The Harper government, Andrew Coyne writes, is far from normal:
In normal times, under a normal government, the Fair Elections Act would have been withdrawn by now, or at least be in serious trouble. The past few weeks have seen the bill denounced as a threat to democracy by the chief electoral officer, the former chief electoral officer, several provincial elections officials, academic experts domestic and foreign, and newspaper editorials across the country.
Thursday they were joined by Harry Neufeld, the former chief electoral officer of British Columbia and the author of an inquiry into irregularities in the 2011 election. Mr. Neufeld’s report has been much quoted by the minister responsible, Pierre Poilievre, in particular to support his contention that the bill’s ban on “vouching” — allowing one voter to affirm another’s eligibility to vote in a riding, in cases where the usual documentation is lacking — was needed to prevent voter fraud.
When it comes to electoral reform, a government needs support from those who normally don't side with it.
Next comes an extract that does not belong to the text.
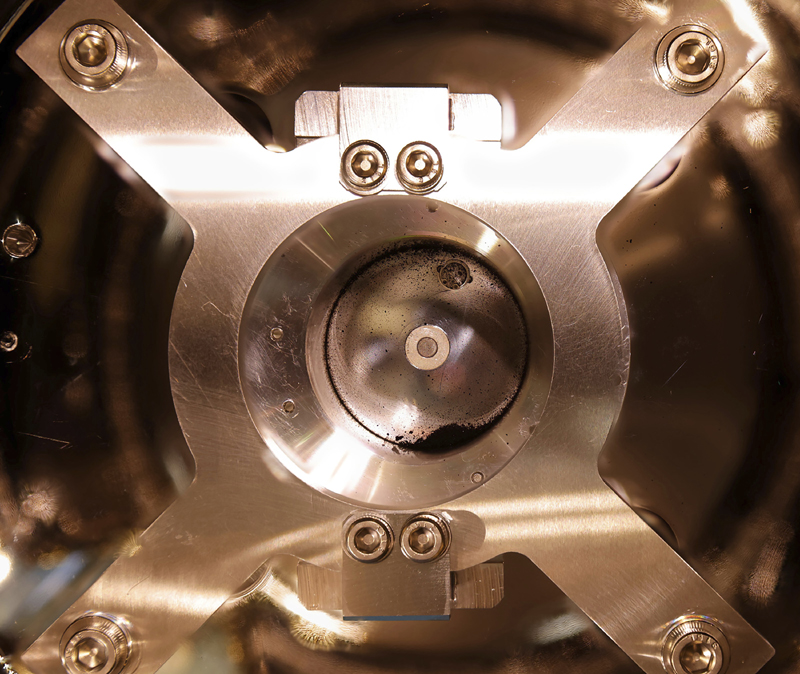 In this photo provided by the Japan Aerospace Exploration Agency (JAXA), soil samples are seen on the bottom of the capsule's sample-catcher, brought back by Hayabusa2, in Sagamihara, near Tokyo, Tuesday, Dec. 15, 2020. Photo: JAXA via AP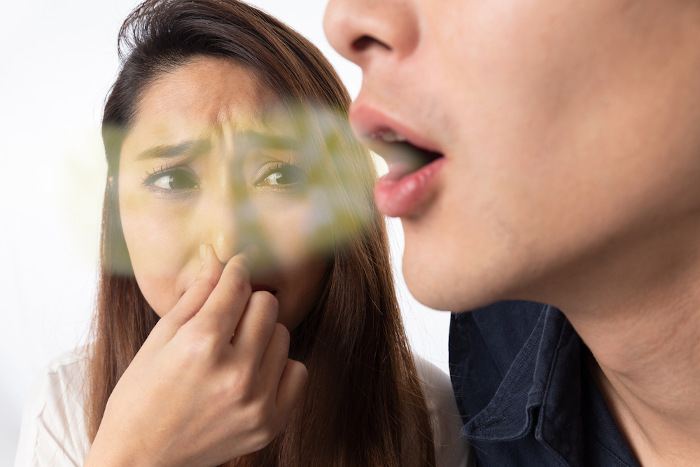 Mulher tampa nariz enquanto homem solta hálito malcheiroso, em referência ao hálito de telúrio.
Instead, we are treated to Pierre Poilievre:
To the detailed objections of its critics, he offers nothing but the same, and I mean exactly the same, talking points, recited without evident effort to persuade but merely to impress upon his listeners how genuinely uninterested in their opinion he is. To [Harry] Neufeld’s complaints at having his report misrepresented, he responds that Mr. Neufeld does not understand his own report. The inaccurate and out-of-context passages he had cited from it were, he told Parliament, quoted “accurately and in context.” If Mr. Neufeld did not wish to use these words, he blithely told the CBC’s Evan Solomon, he should not have written them.
And why have things comes to this? Coyne pulls no punches. The government will pass this bill,
not in spite of the opposition it has aroused, but because of it: because it has convinced itself that all such opposition, from whatever source, proceeds from the same implacably partisan motives as its own.